In fact, in two of those six
years, he was the highest scoring black Democrat in the House. But the picture is
far from perfect for, or even perhaps acceptable to, some conservatives. In the
second year of his first term, he (with another nine Democrats) scored a 0, and
this past year (second year of his second term) he scored only a 20. Still,
with a couple of scores of 60 and an overall average that exceeds the House
Democrats’ over that time period, that’s about as good as a conservative could
expect to find in a black Democrat.
Thus the thinking goes that it’s
better to get as moderate a liberal as possible in there instead of holding out
for a much more conservative candidate who has no chance of winning. That’s
based upon the changing demographic portrait of Shreveport voters.
In 2006 after the mayoral general
election, white former city attorney Jerry Jones seemed poised to get a
Republican back in office, when he faced former state Rep. Cedric Glover, a
black Democrat, in the general election runoff. Had the turnout model of the first
election held, Jones would have won 51-49. Instead, black turnout increased a
quarter more than white turnout, and while white crossover remained at about
the norm, black crossover voting for Jones almost disappeared, handing Glover an
eight-point win that he later parlayed into a nearly two-to-one triumph over
another Republican in 2010.
The demographics perhaps tell
this story. In 2006
at election time, whites comprised 48.7 of the registered total, a percent
higher than blacks. In terms of party registration, Republicans made up 24.7
percent, while 37.5 percent of the electorate was black Democrats. By 2010,
whites at 45.8 percent then trailed black registration by 4.2 percent and while
the proportion of registered Republicans remained the same, that of black
Democrats had increased 3.9 percent. As of Nov.

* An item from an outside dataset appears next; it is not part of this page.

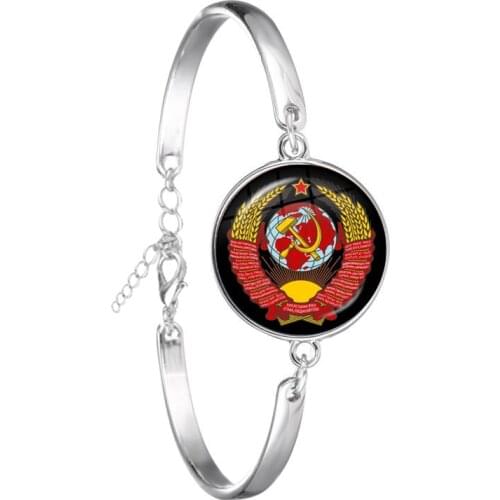 Vintage USSR Soviet Badges Sickle Hammer Chain Bangle CCCP Russia Emblem Communism Sign Top Grade Bracelet Wrist Jewelry Gift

2013, blacks had increased their slim absolute majority of three years ago
to 52.2 percent, now 8.6 percentage points higher than whites, and GOP
adherents edged down to 24.3 percent while black Democrats represented 41.6
percent of the electorate.
In other words, the numbers are
much less favorable than in the reasonably close 2006 election for a Republican
candidate, and have deteriorated somewhat from the blowout loss in 2010. It’s
little wonder party elites seem to be headed into a mode of accommodation rather
than conflict.
And it’s a strategy that could
produce a more favorable outcome. By backing a conservative Republican, this
would erode votes from a more moderate Democrat of any color, allowing more
liberal Democrats to get into the runoff to win. By having conservatives eschew
that kind of candidate, the more moderate Democrat could gain enough to make
the runoff to win.
However, that strategy carries
some risk. This could entice even more liberal kinds of candidates into the contest,
thinking they needed to differentiate themselves even more decisively from any
candidate trying to present himself as a moderate, and it is unlikely that all
conservatives in the electorate simply would lay down and not have at least one
conservative Republican run. This could squeeze that less liberal Democrat out
for the runoff. Or, conservatives might be so discouraged without a true
conservative in the runoff contest that they sit it out, declining to support a
more moderate Democrat to allow a very liberal Democrat to win.
Reducing the chance of these
scenarios is that, among black Democrats in Shreveport, there has developed a
minor schism among those in power and those out of it. Thus, there will be
enough division in the initial general election portion to allow Republicans to
act as a decisive swing vote. In 2010, an incumbent Glover had the resources to
fend off the “outs” within the coalition of black Democrats that got him to the
runoff. In 2014, Williams stands a great chance of becoming the standard bearer
of the “outs” from 2010, sluicing away support from the “ins” of 2010 without
incumbency resources to keep them on that side to ensure his not getting aced
out of a runoff even with a conservative candidate running.